-------- Data excerpts
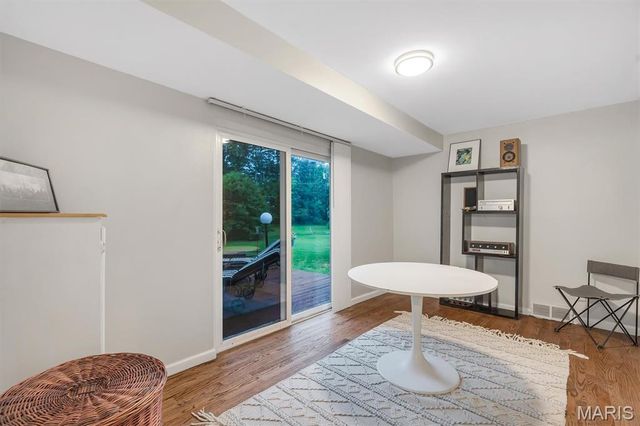 10050 Kalinda Lane, St Louis, MO 63128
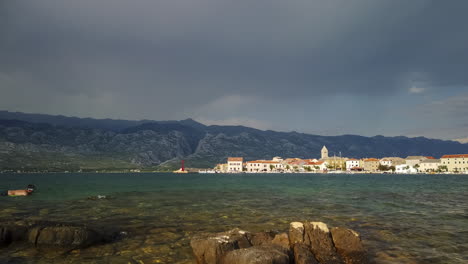 Lapso-De-Tiempo-De-La-Ciudad-Costera-En-Croacia,-Montañas-Y-Nubes-En-El-Fondo,-Vista-Panorámica-Del-Pequeño-Pueblo-Y-Puerto,-Vinjerac,-Croacia,-Parque-Nacional-Paklenica-En-Velebit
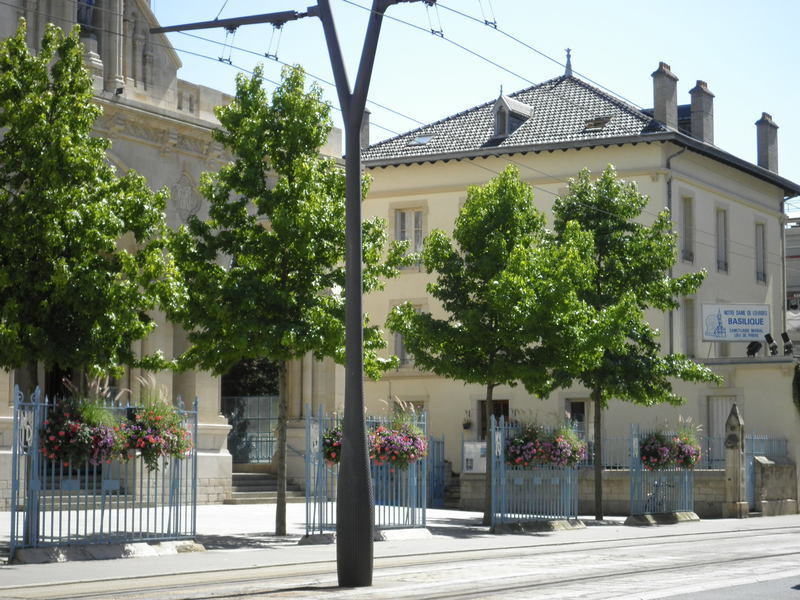 Paroisse NotreDamedeLourdes Nous contacter Paroisse NotreDamedeLourdes Nous contacter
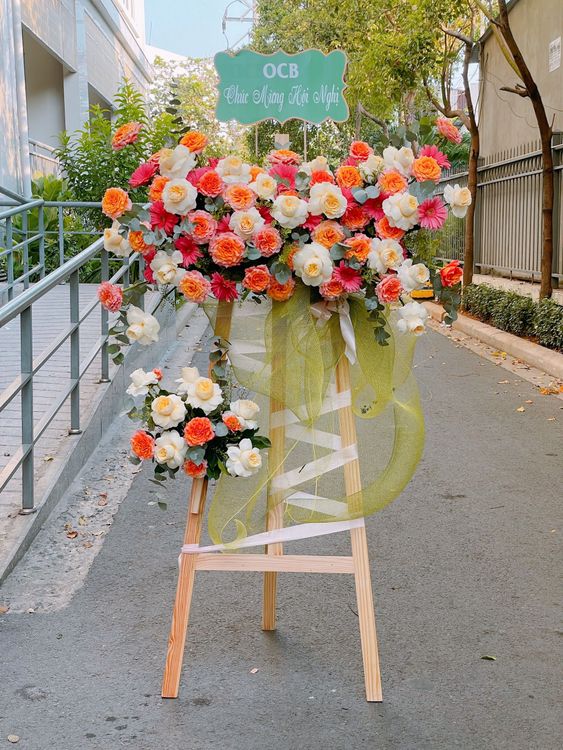 Kệ Hoa Chúc Mừng Hân Hoan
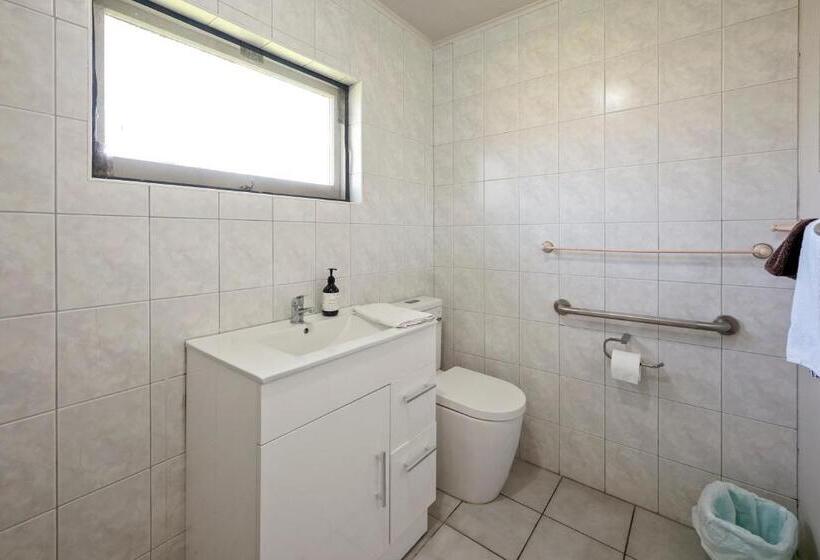 Апартаменты Executive 1 Спальня, Jack & Di S Lakefront Motel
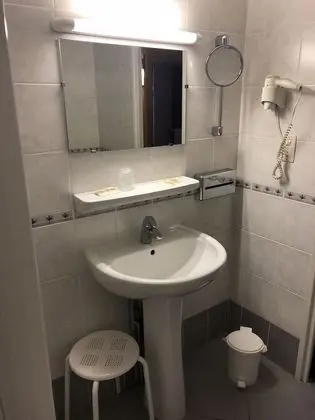 Tek Büyük Yataklı Oda, 1 Çift Kişilik Yatak, Sigara İçilmez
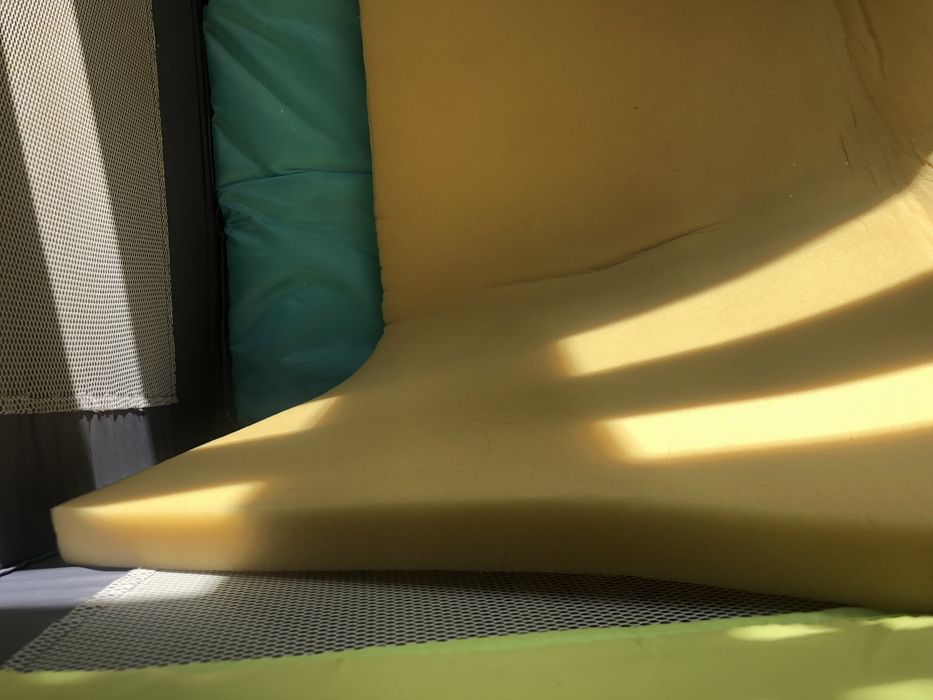 Parque / cama de viagem  96x96x77 cm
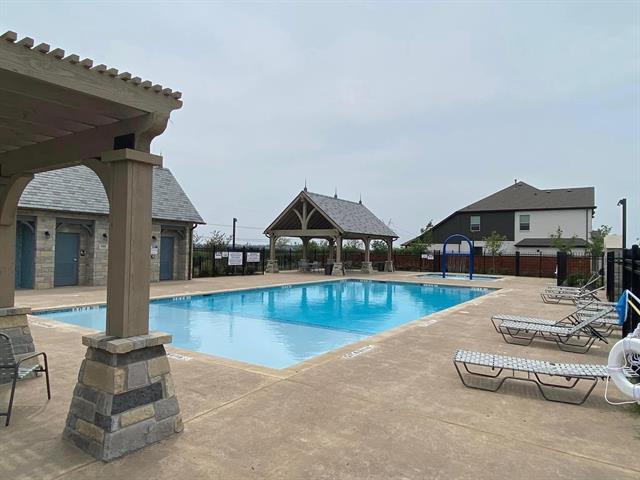 Building Photo - 2025 St Andrew's Wy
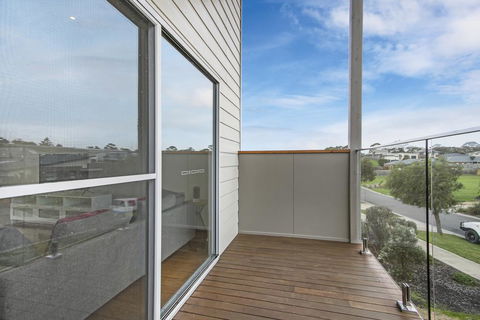 12 Echidna Grove - Yamba Accommodation 3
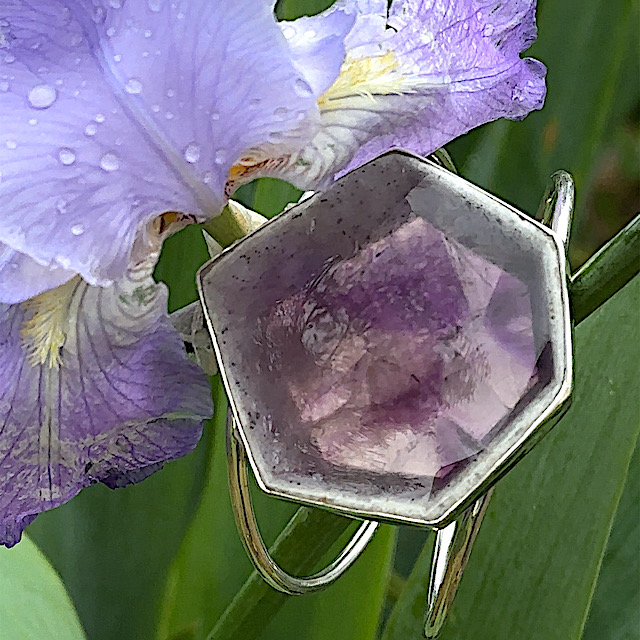 Adjustable rhodium-plated silver bangle with trapiche amethyst - Image 2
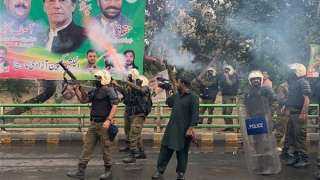 اشتباكات في باكستان بين الشرطة وأنصار عمران خان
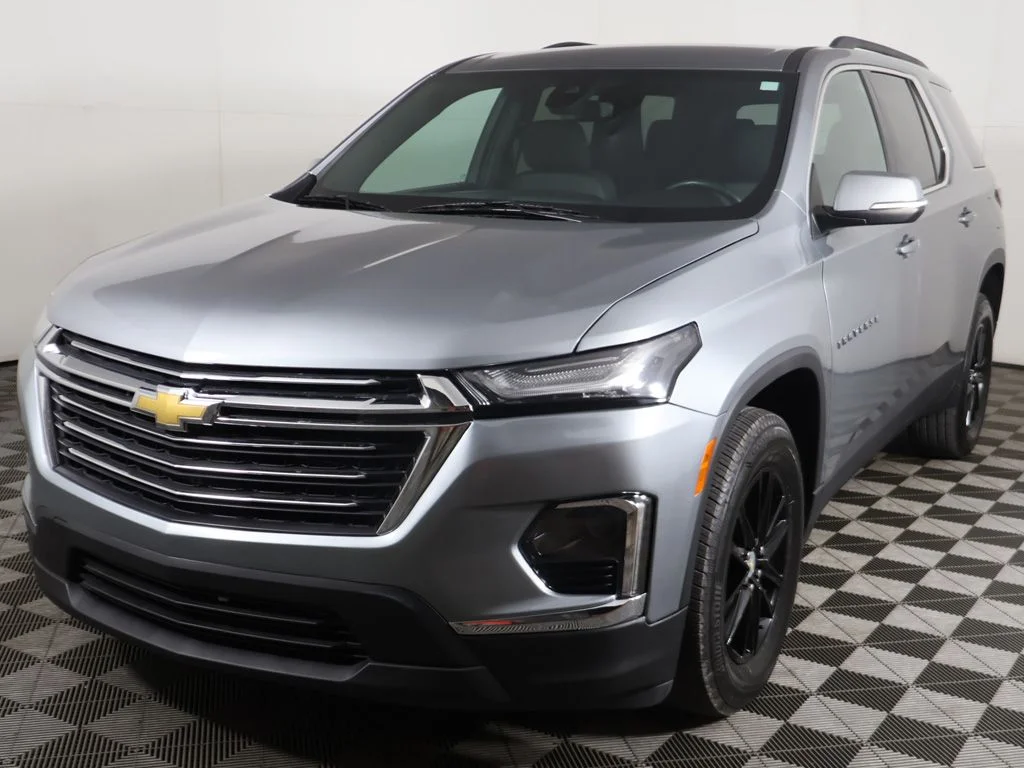 Used 2023 Gray Chevrolet LT image 9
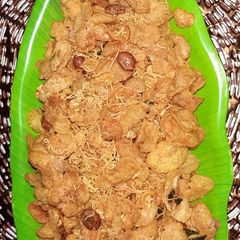 A picture of Corn Poha Chivda.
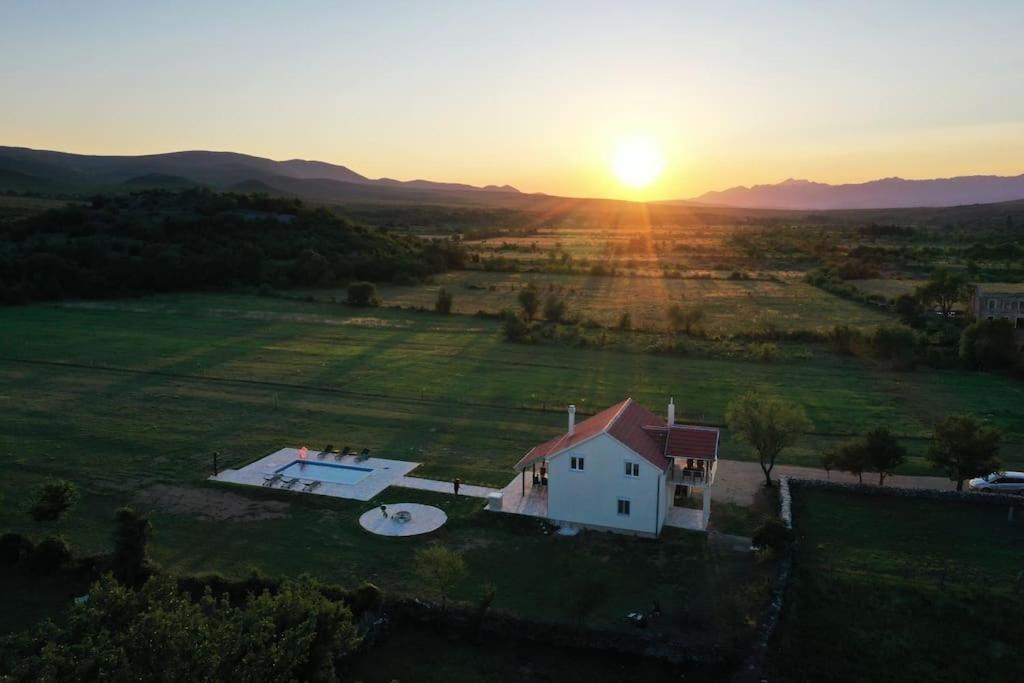 Holiday House Aurora Borealis Ervenik Zewnętrze zdjęcie
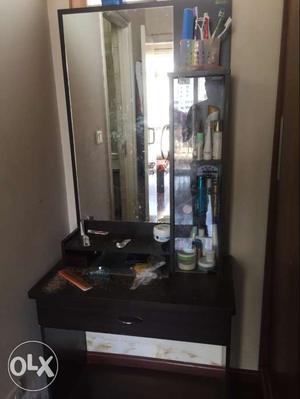 Zuari Dresser With Mirror and sitting stool
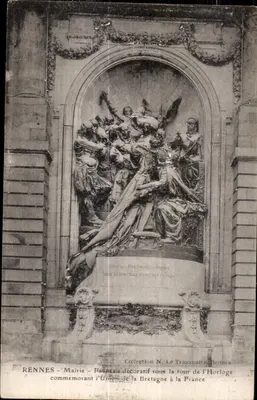 Rennes - Monument commémorant l'Union de la Bretagne à la France — Collection N. Le Trionnaire, Rennes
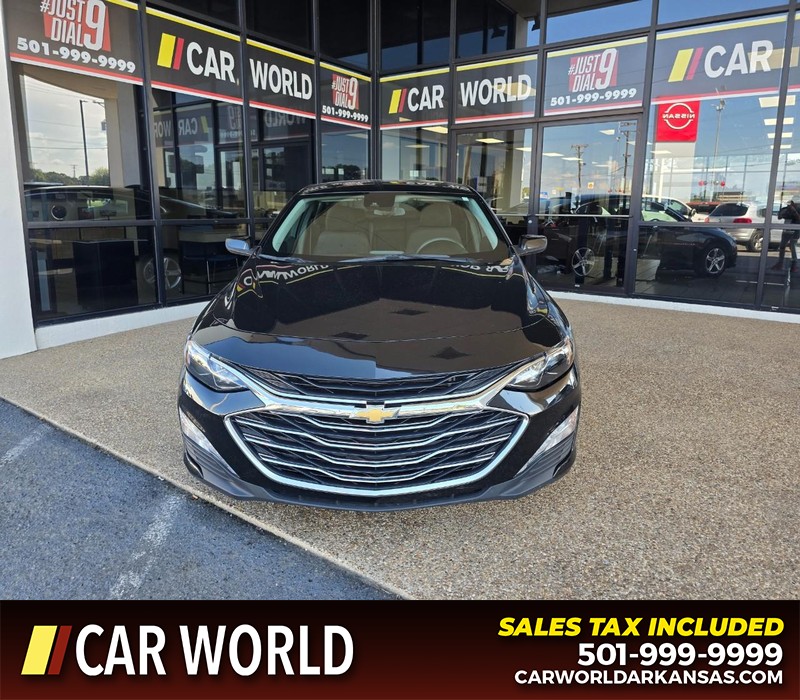 Chevrolet Malibu Vehicle Full-screen Gallery Image 2
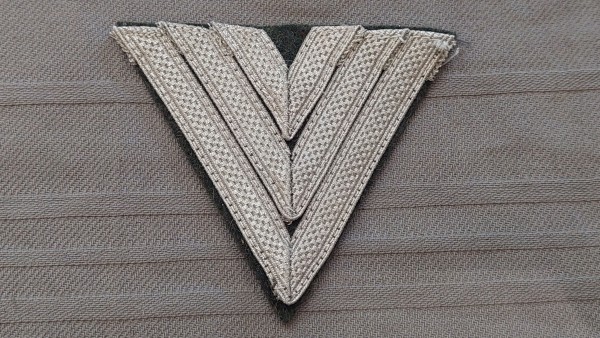 Dienstgradabzeichen Waffen XX Hauptgefreiter/ Hauptgefreitenwinkel silber auf feldgrau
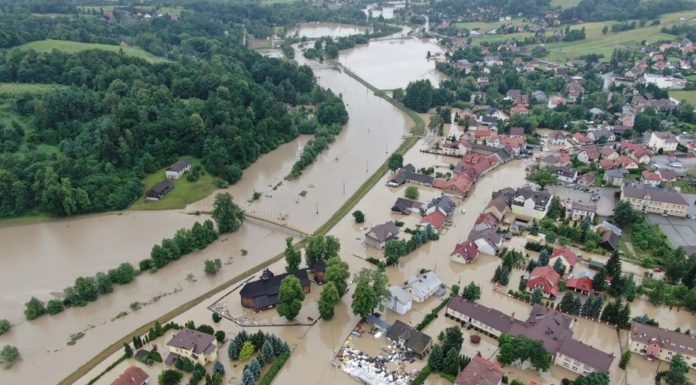 POWÓDŹ W ŁAPANOWIE. Stradomka zalała centrum miejscowości – ZDJĘCIA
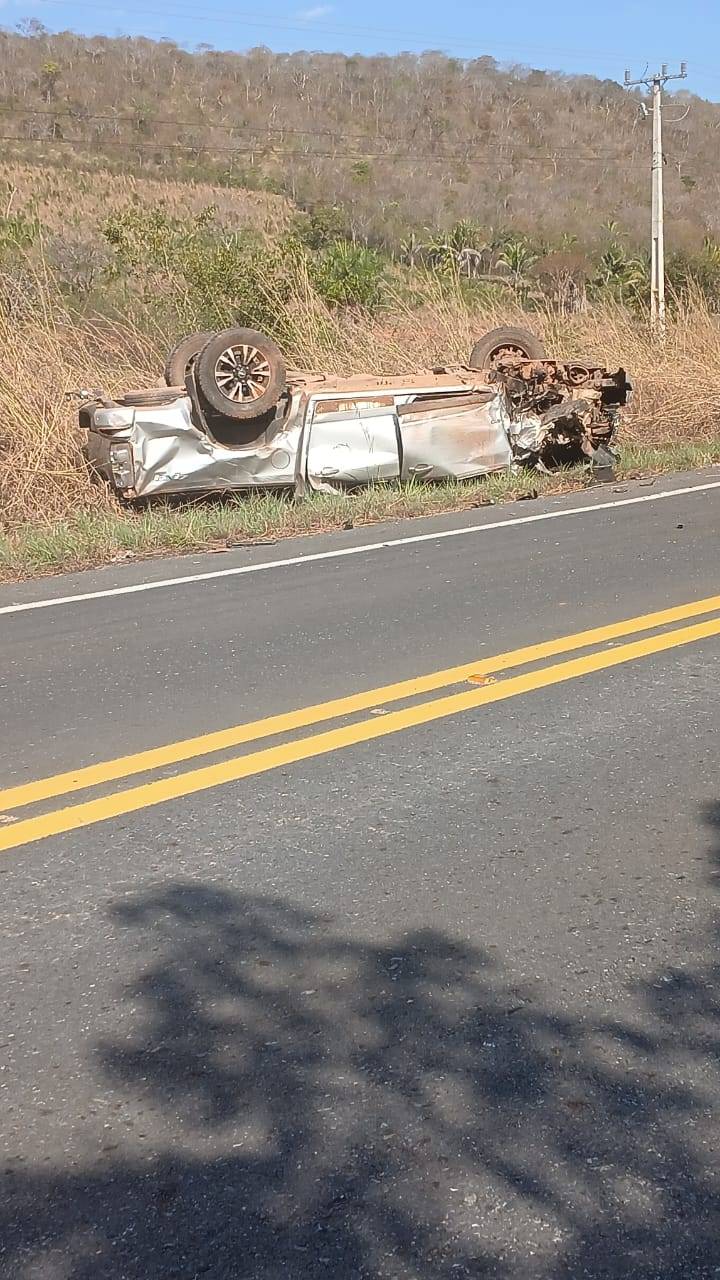 Prefeita Margareth e assessores sofrem acidente em rodovia no Pantanal e são transferidos para Cuiabá. Um motorista morreu; VEJA FOTOS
----------------
§ The task: Every entry above needs to be printed again exactly, with its pictures left out.

§ Answer for this exercise:
 10050 Kalinda Lane, St Louis, MO 63128
 Lapso-De-Tiempo-De-La-Ciudad-Costera-En-Croacia,-Montañas-Y-Nubes-En-El-Fondo,-Vista-Panorámica-Del-Pequeño-Pueblo-Y-Puerto,-Vinjerac,-Croacia,-Parque-Nacional-Paklenica-En-Velebit
 Paroisse NotreDamedeLourdes Nous contacter Paroisse NotreDamedeLourdes Nous contacter
 Kệ Hoa Chúc Mừng Hân Hoan
 Апартаменты Executive 1 Спальня, Jack & Di S Lakefront Motel
 Tek Büyük Yataklı Oda, 1 Çift Kişilik Yatak, Sigara İçilmez
 Parque / cama de viagem  96x96x77 cm
 Building Photo - 2025 St Andrew's Wy
 12 Echidna Grove - Yamba Accommodation 3
 Adjustable rhodium-plated silver bangle with trapiche amethyst - Image 2
 اشتباكات في باكستان بين الشرطة وأنصار عمران خان
 Used 2023 Gray Chevrolet LT image 9
 A picture of Corn Poha Chivda.
 Holiday House Aurora Borealis Ervenik Zewnętrze zdjęcie
 Zuari Dresser With Mirror and sitting stool
 Rennes - Monument commémorant l'Union de la Bretagne à la France — Collection N. Le Trionnaire, Rennes
 Chevrolet Malibu Vehicle Full-screen Gallery Image 2
 Dienstgradabzeichen Waffen XX Hauptgefreiter/ Hauptgefreitenwinkel silber auf feldgrau
 POWÓDŹ W ŁAPANOWIE. Stradomka zalała centrum miejscowości – ZDJĘCIA
 Prefeita Margareth e assessores sofrem acidente em rodovia no Pantanal e são transferidos para Cuiabá. Um motorista morreu; VEJA FOTOS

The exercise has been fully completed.